O in snow

right on cue, straight from December’s central casting, we had snow today, making the leftover pumpkin in my back porch look suddenly very out of place indeed. winter has begun.

it is the beginning of the dark season, of the advent creep through the darkness – through the wonderful, bare-bones nadir of solstice – back to light. it is a season of hibernation and turning inward…and, old carry over from a semi-religious childhood, of counting the December days off, one by one, enduring the wait ’til Christmas, ’til all the candles can be lit again.

lying awake in bed last night, unable to sleep for hormonal nosedive of sudden post-pregnancy, i smiled, wryly. i realized that – for once – i’ve got impeccable timing. the symbolism of the Christian advent – the hope of a child, a second coming – does not escape me. because this coming month will be cold-molasses slow…i can see that already, one day in. i am all aflurry, urgent, heart unwilling to accept the do not pass Go – return to start card crumpled in my hand. when i sleep i dream of babies floating by, slipping from my grasp. i waken, stricken, compelled. i fantasize about twins, like a crazy woman. waiting this month out, aching to start again, to leap back on the hamster wheel of hope, will be almost as agonizing as waiting for Christmas that year i was six and had my whole heart set on the magical wonderland of the Weeble Haunted House. almost.

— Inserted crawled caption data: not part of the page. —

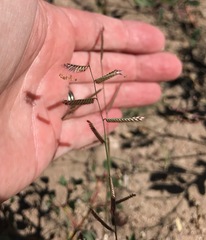 Bouteloua barbata rothrockii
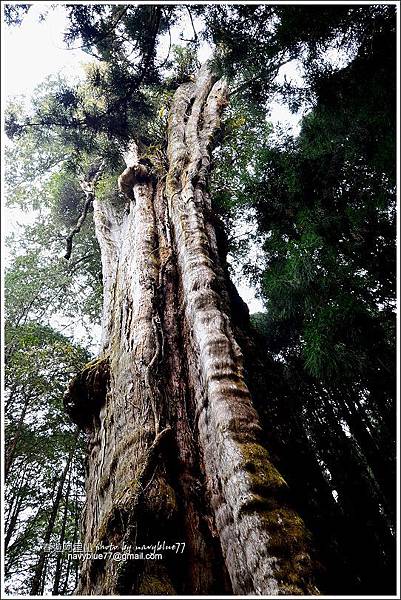 阿里山水山線鐵道-水山神木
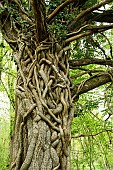 Ivy climbing up an old Durmast oak in the Forêt de Tronçais - Allier. The Forêt de Tronçais is considered one of the most beautiful oak forests in Europe. It was awarded the Forêt dException label in 2018. This label is a guarantee of excellence. France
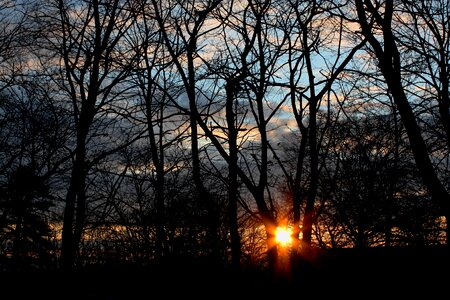 Autumn landscape forest photo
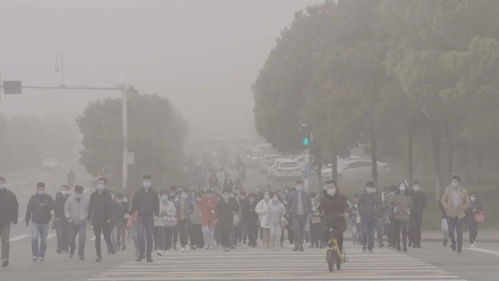 “武汉疫情什么时候开始的” 武汉疫情什么时候开始的封城？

and i know this is normal. i am resigned to a little crazy with my fruitcake over the next few weeks, in the eternity of waiting for things to settle, for a cycle to establish itself, for my body to do what it needs to in order to heal. and i hope in the process there will be some letting go, some lessening of the urgency. but in the meantime i will count out the days of December, like a child with an advent calendar of chocolate, walking out the long wait with good company and the comfort of treats.clementine&o because treats, in our house, are a big deal…as you can see.